In opposition to complainant's appeal, the agency stated that it complied

with the September 5 settlement agreement in that it developed and offered

complainant a Modified Limited Duty Assignment and complainant accepted

the offer. The agency acknowledged that the job offer was not finalized

until January 16, 2004, but stated that the agency worked consistently on

the offer and both parties agree the delay was due to extensions by both.

Further, the agency stated that the agreement did not provide details

on the specifics of the job offer and complainant's discontent with the

new job should be addressed as a new claim rather than as a breach.

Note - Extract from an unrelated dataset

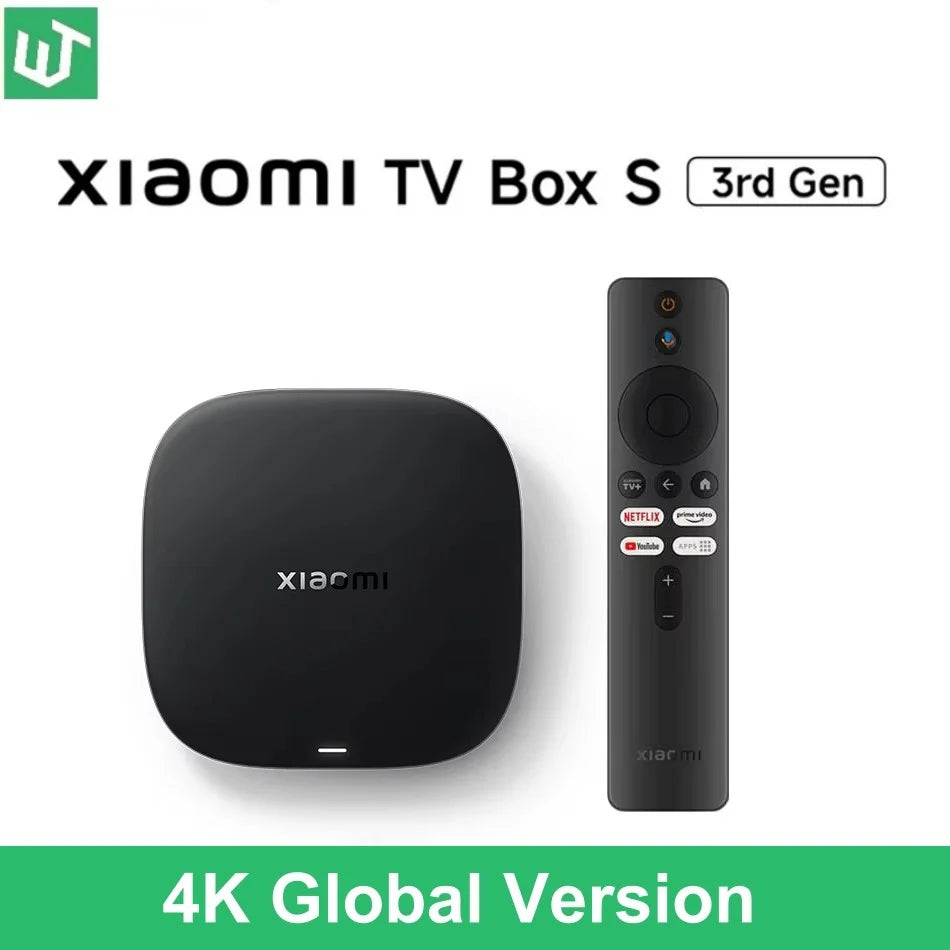 Global Version Xiaomi TV Box S 3rd Gen 4K Ultra HD Wifi 6 Bluetooth 5.2 32GB ROM Google TV Google Assistant Smart Media Player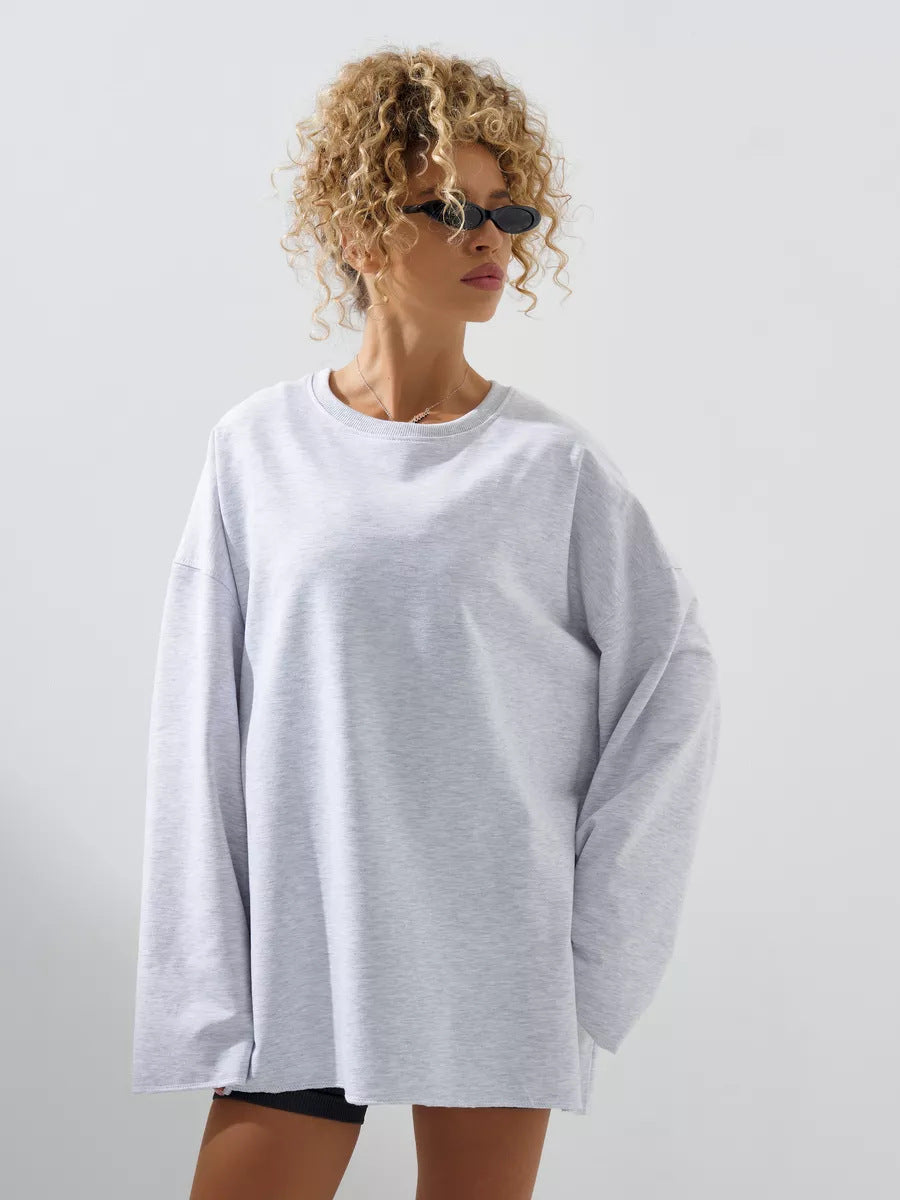 Damen Oversized Sweatshirt mit langen Ärmeln und Rundhalsausschnitt Heidi-Mode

Finally, the agency stated that the number of hours and days of work

indicated on the various evidence of record is indicative of full-time

status rather than a restriction.

The record includes: a Modified Limited Duty Assignment Job Description

dated January 16, 2004, indicating "# Hours/Day: 8;" a CA-17 dated

November 18, 2003 indicating the employee works eight hours per day,

five days per week; a Job Site Analysis dated November 19, 2003

stating "[a]ccording to the Job Description provided by [the injury

compensation coordinator, the position would be for 8 hours per day on

Wednesday through Sunday;" a Holiday Schedule scheduling complainant for

overtime on one of her two non-scheduled days, Monday January 16, 2006;

and Request for or Notification of Absence forms for January 16, 2006,

for complainant, that were disapproved for "services needed, holiday

schedule."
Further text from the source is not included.